I’m always a little leery of a stack diagram that shows ‘systems’ living at some level of the stack.  For example, a diagram that shows a series of different application user interfaces at the U/I layer, and then workflow services somewhere further down the stack. 

What makes me leery is the fiction of the diagram.  Yes, workflow services are called by the business layer of an application, and we want to make it clear where that integration lies.  But a workflow system has a user interface, middleware, and database.  It is an application in its own right, and if we were looking at a diagram of the workflow system, we’d see components living at every level of the stack.

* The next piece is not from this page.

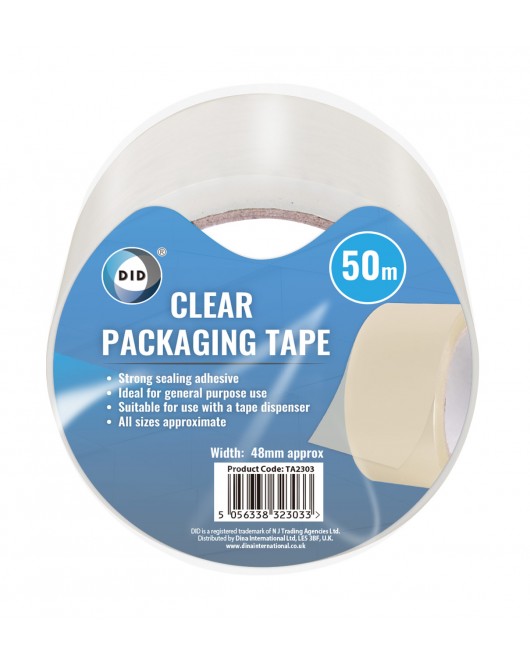 50m x 48mm Clear Packaging Tape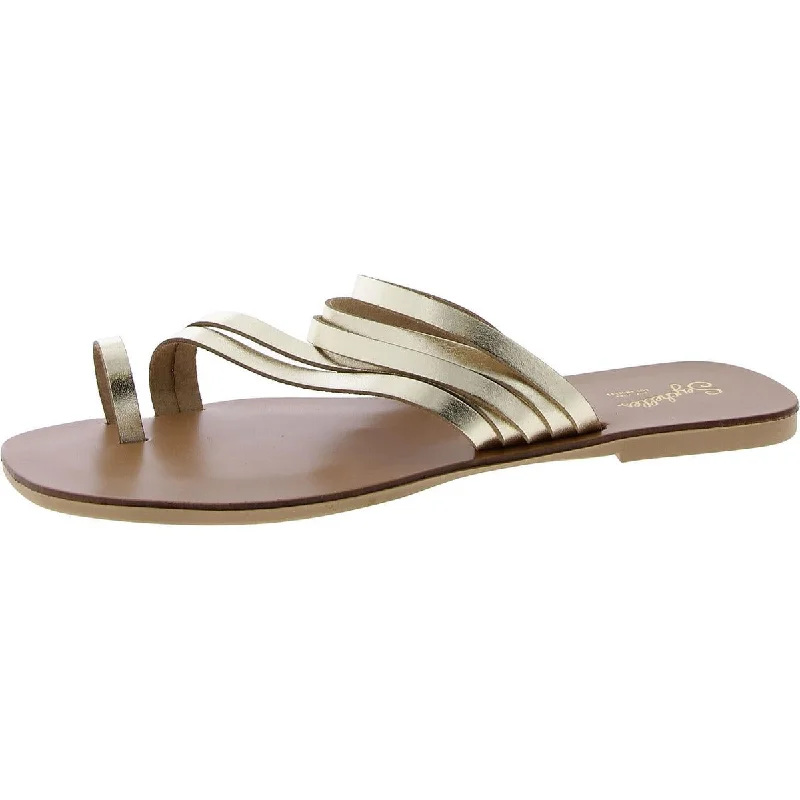 Seychelles Womens Leather Slip On Flip-Flops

Therefore, while the Integration to a workflow system may live at a particular level of the stack, the workflow system  itself is not at that level of the diagram.   

I guess I’m just a little cautious of these diagrams.  I’m supposed to be communicating to developers and other folks.  How well am I communicating if it isn’t clear that the service interface is simply an integration end point?

SQL Server has the same issues yet I don’t mind that one.  Not sure why.  Perhaps I’m just not used to seeing systems that don’t provide an entire layer. 

Your opinion?

By Nick Malik

Former CIO and present Strategic Architect, Nick Malik is a Seattle based business and technology advisor with over 30 years of professional experience in management, systems, and technology. He is the co-author of the influential paper "Perspectives on Enterprise Architecture" with Dr. Brian Cameron that effectively defined modern Enterprise Architecture practices, and he is frequent speaker at public gatherings on Enterprise Architecture and related topics. He coauthored a book on Visual Storytelling with Martin Sykes and Mark West titled "Stories That Move Mountains".

2 thoughts on “Be careful of the 'stack' diagram”
  1. I think stack diagrams can be useful for VERY high level communication where you are just getting a ROUGH idea for the LARGE components/systems/boundaries of a system.  

    You certainly would architecture/design/code a system just based off of stack diagrams, in fact, I am not even sure if the audience is purely on the technical side, but more in selling the idea to stakeholders.

  2. I see your point, Patrick.  I guess the problem I have is one of consistency.  What do I succeed in communicating if I create a diagram that is not valid from a technical viewpoint?  Even if I am just sharing with the business (especially).  

    Just because other architects have used stack diagrams, if they have no technical validity, why use them?